▶ _Brief_
In the entries below, find the line with "Gaismeklis melns SMD LED SALINAS" and the line with "Bondi Sun Lounger White - image 7"; reproduce those two lines and all lines between them exactly, without pictures.

Dataset records:
=== Begin Enclosure ===
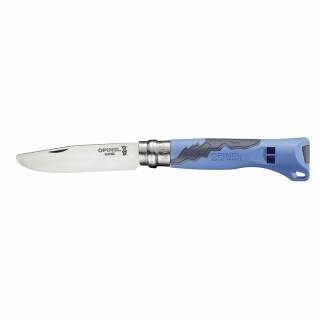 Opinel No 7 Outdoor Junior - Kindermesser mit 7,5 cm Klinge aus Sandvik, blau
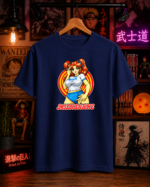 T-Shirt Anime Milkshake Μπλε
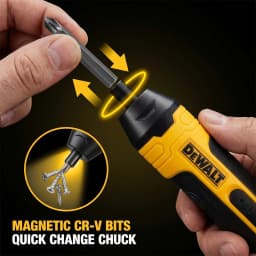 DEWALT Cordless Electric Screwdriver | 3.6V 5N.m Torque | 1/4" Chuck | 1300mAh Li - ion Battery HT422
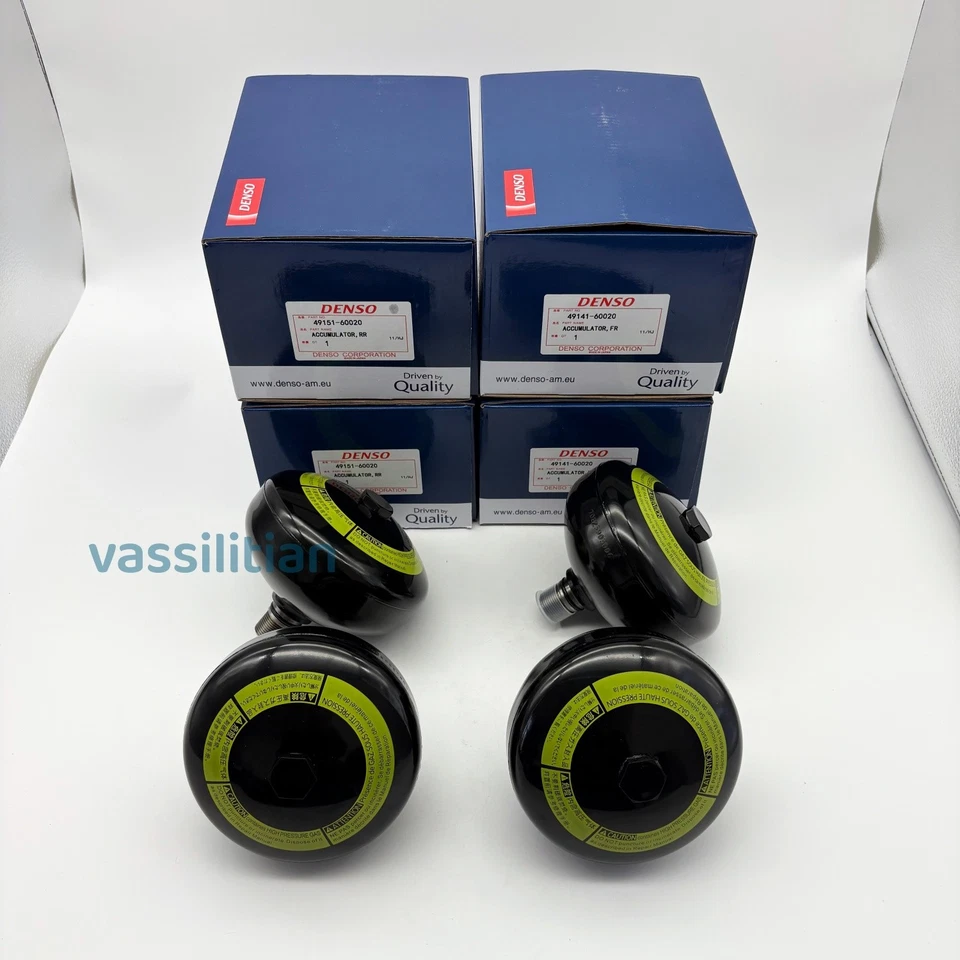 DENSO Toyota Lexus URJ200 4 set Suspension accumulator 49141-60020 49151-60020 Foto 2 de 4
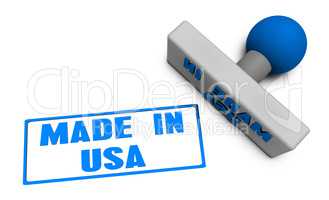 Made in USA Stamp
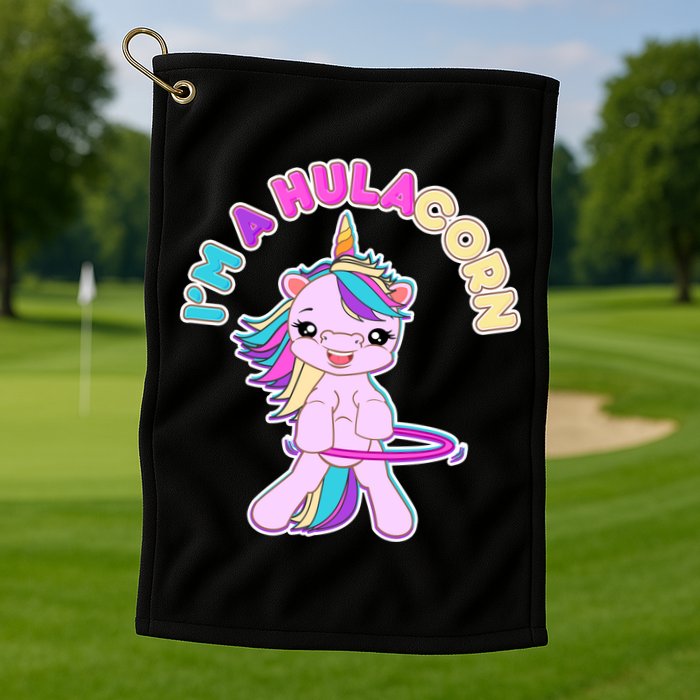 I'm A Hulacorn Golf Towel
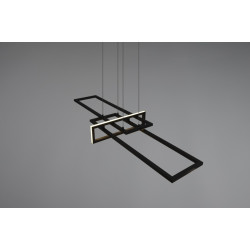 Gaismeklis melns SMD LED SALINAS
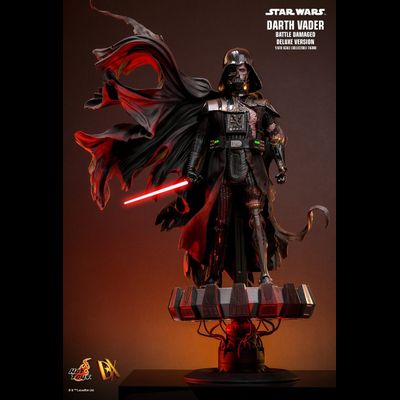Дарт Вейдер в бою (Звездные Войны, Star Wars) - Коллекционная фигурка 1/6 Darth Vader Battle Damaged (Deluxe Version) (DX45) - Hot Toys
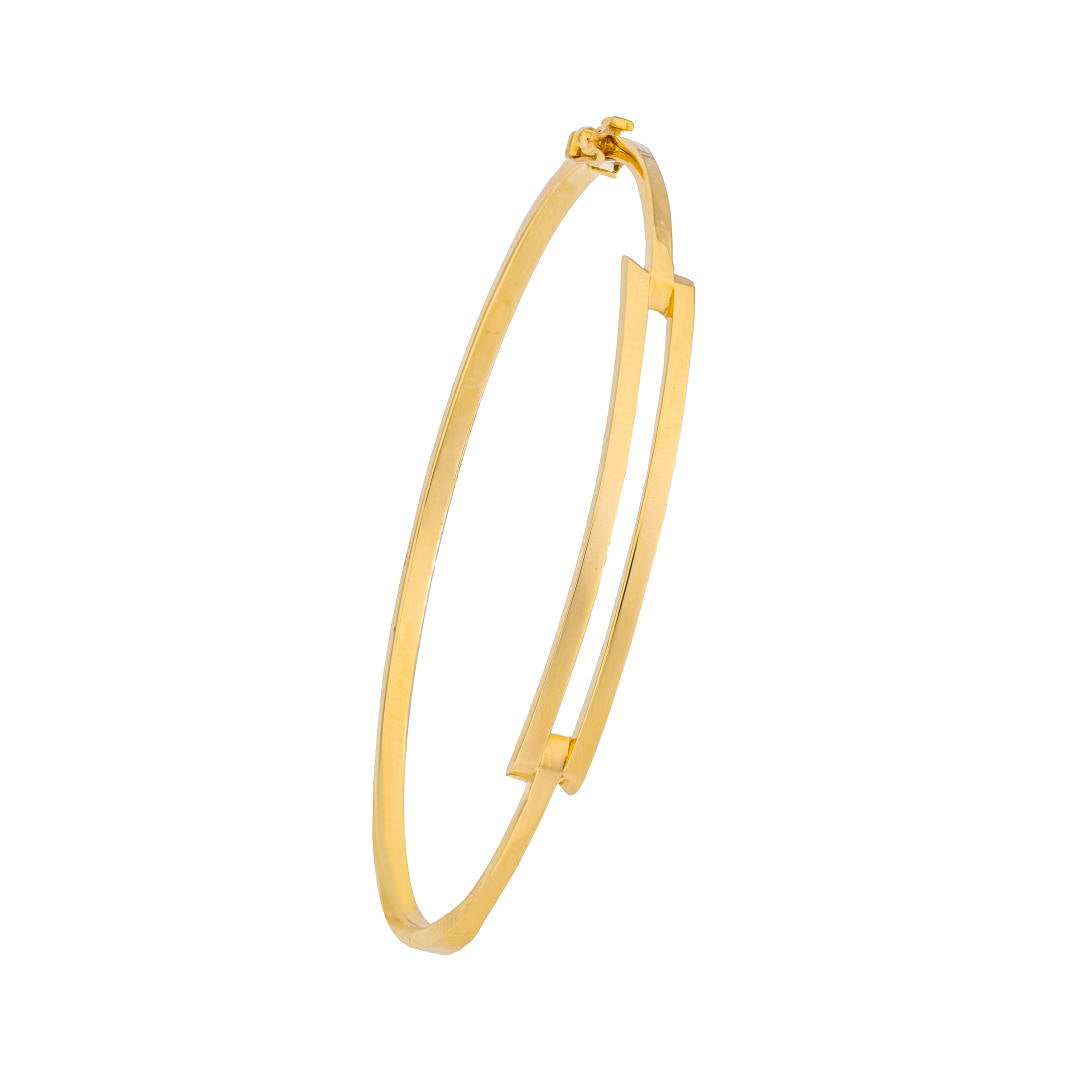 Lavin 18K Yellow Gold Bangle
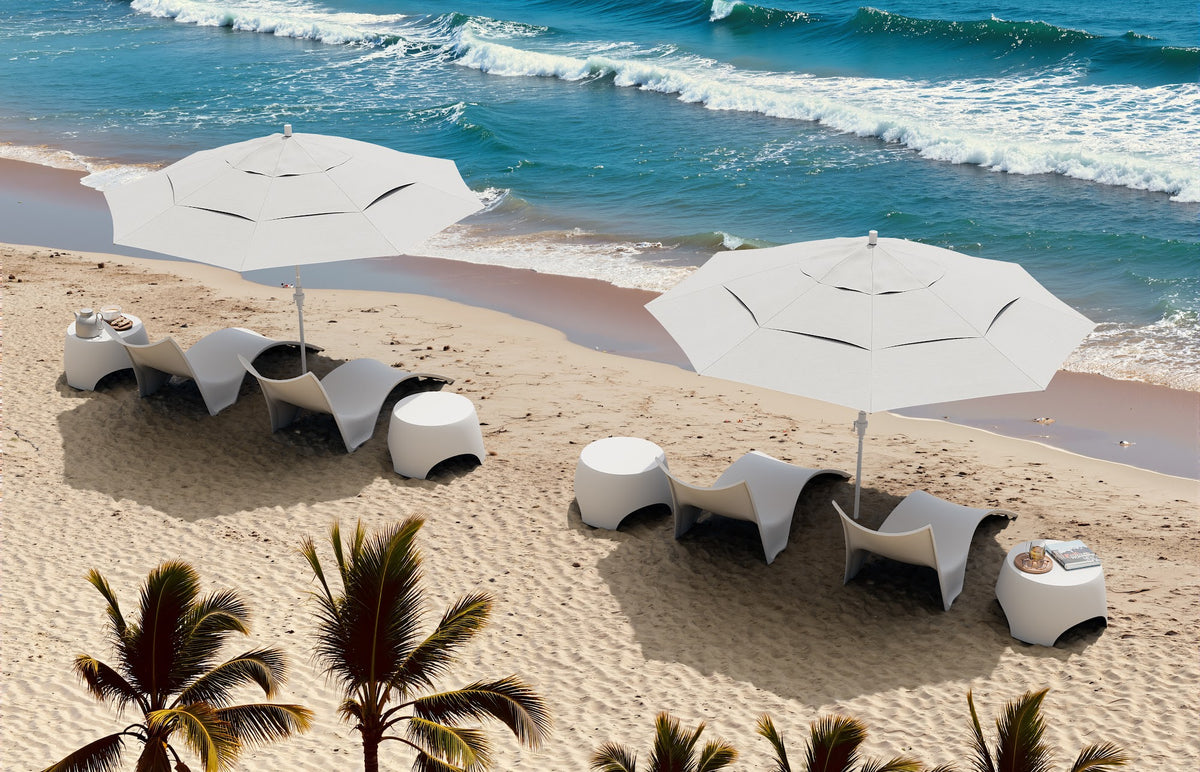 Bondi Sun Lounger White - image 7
=== End Enclosure ===
=== Begin Enclosure ===
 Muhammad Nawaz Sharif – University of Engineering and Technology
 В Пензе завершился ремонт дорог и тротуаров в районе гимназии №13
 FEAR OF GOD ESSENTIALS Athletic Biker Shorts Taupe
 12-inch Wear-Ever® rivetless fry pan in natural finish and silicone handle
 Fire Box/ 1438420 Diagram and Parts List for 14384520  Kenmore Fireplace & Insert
=== End Enclosure ===
▶ _Solution to this task_
 Gaismeklis melns SMD LED SALINAS
Дарт Вейдер в бою (Звездные Войны, Star Wars) - Коллекционная фигурка 1/6 Darth Vader Battle Damaged (Deluxe Version) (DX45) - Hot Toys
 Lavin 18K Yellow Gold Bangle
 Bondi Sun Lounger White - image 7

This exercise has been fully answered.